*** Data for the task ***

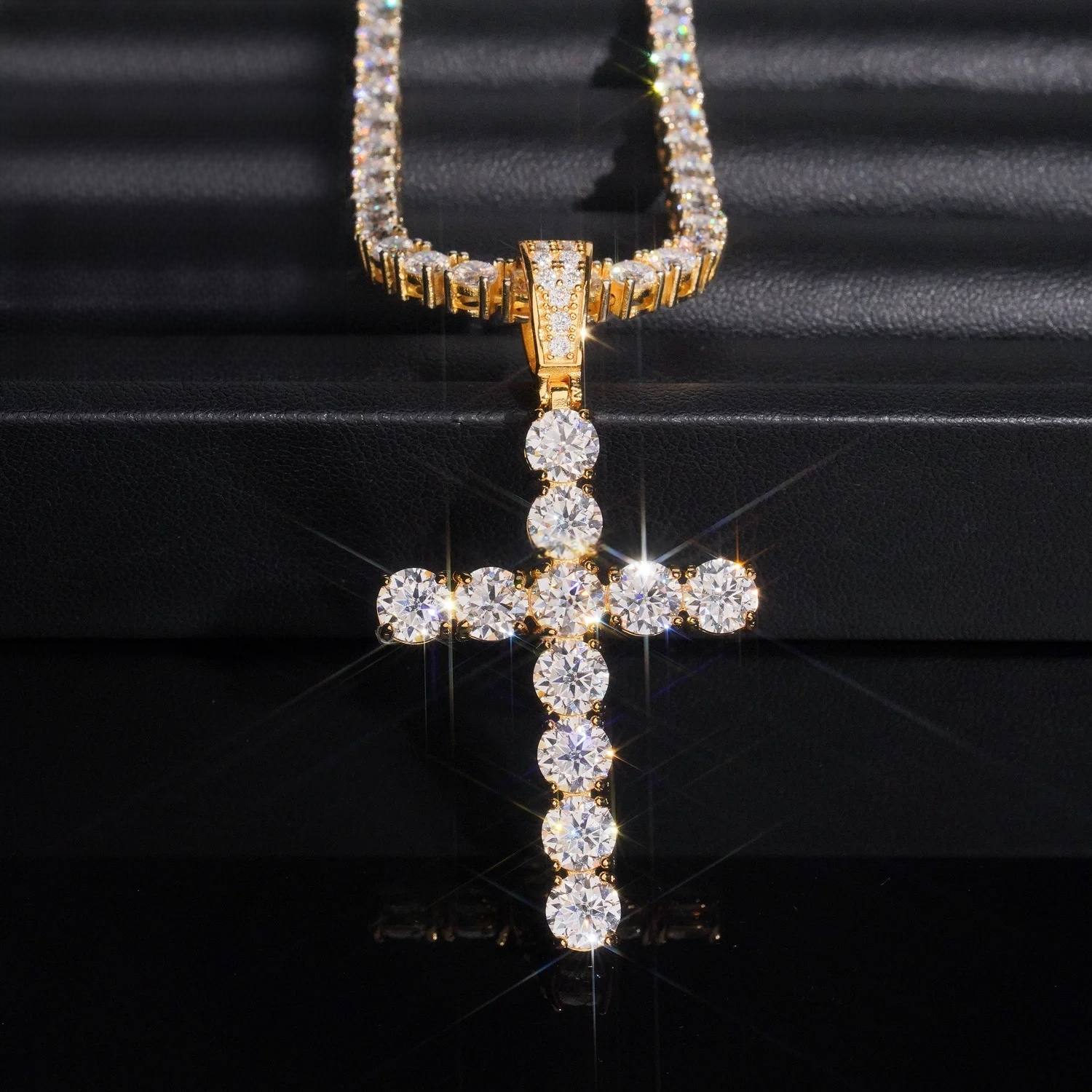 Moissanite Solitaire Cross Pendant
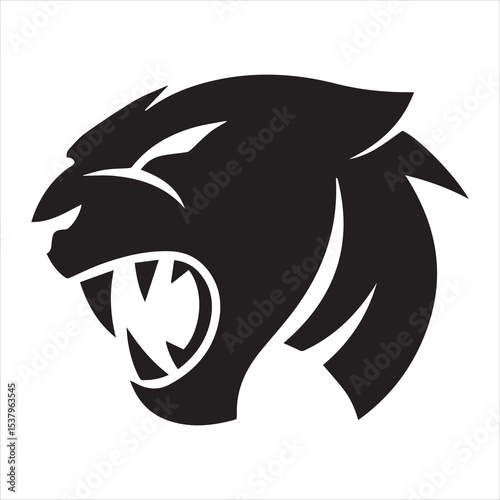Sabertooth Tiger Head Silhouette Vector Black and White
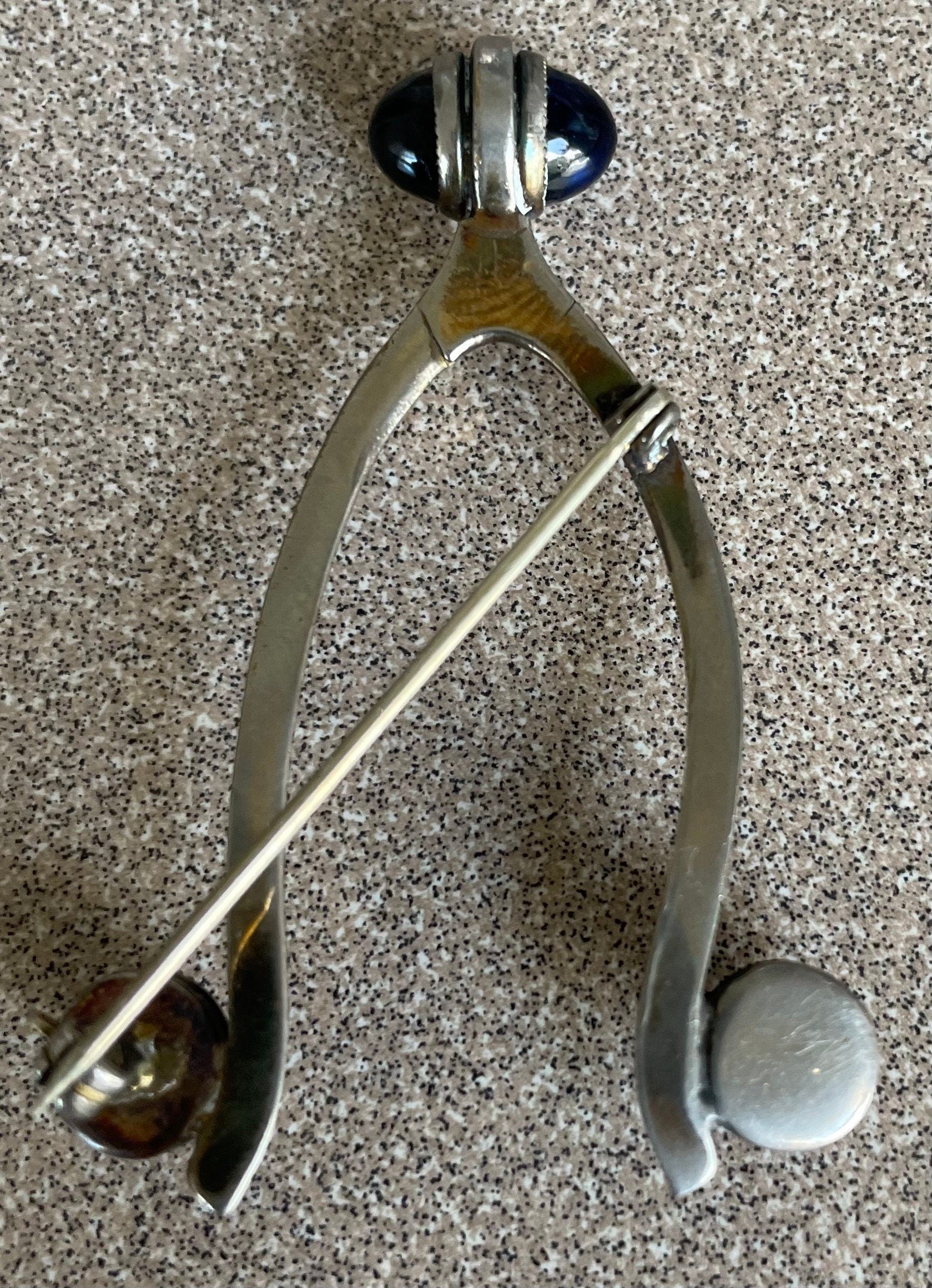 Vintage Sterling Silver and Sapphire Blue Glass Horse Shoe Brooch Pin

*** End of Data for the task ***
*** Data for the task ***

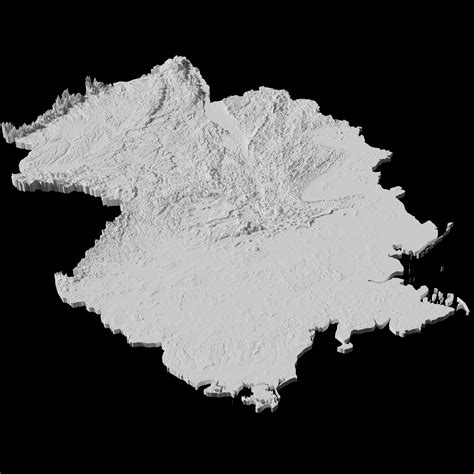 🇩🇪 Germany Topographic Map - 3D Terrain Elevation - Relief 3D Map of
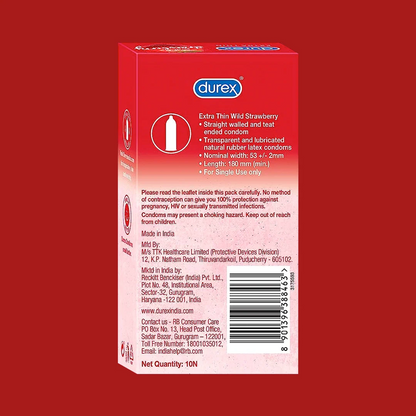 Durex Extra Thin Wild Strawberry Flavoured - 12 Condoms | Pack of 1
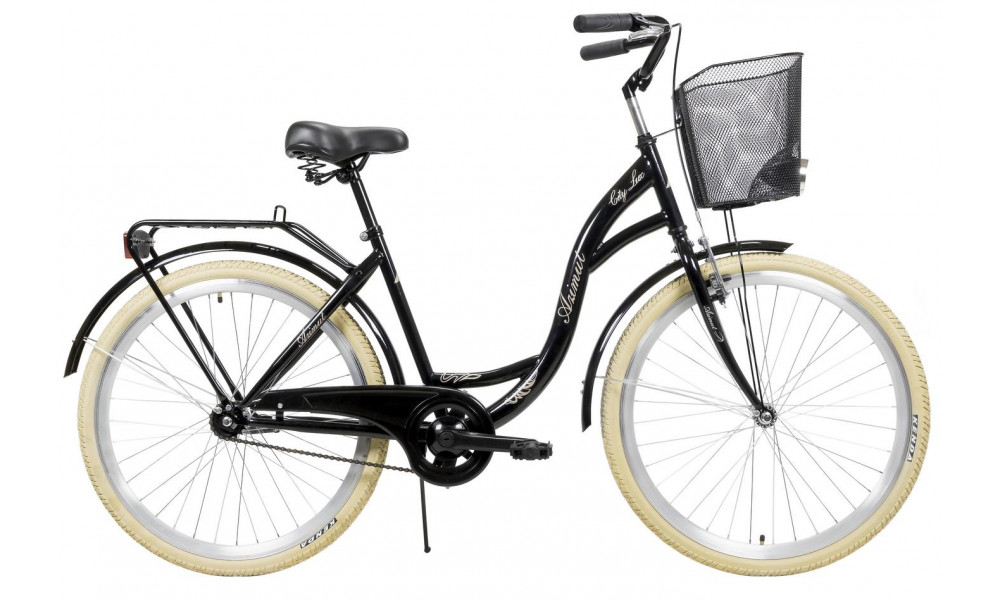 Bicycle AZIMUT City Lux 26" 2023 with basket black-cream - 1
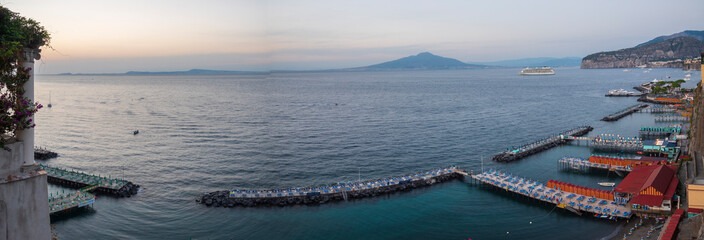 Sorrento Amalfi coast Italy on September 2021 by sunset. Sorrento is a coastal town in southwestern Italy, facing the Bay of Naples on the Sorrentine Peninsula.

*** End of Data for the task ***

◆ **Work request**:
Starting at the line containing "Moissanite Solitaire Cross Pendant" and stopping at the line containing "Vintage Sterling Silver", output each line exactly as it appears above. Leave out the pictures.

◆ **Result of this task**:
 Moissanite Solitaire Cross Pendant
Sabertooth Tiger Head Silhouette Vector Black and White
 Vintage Sterling Silver and Sapphire Blue Glass Horse Shoe Brooch Pin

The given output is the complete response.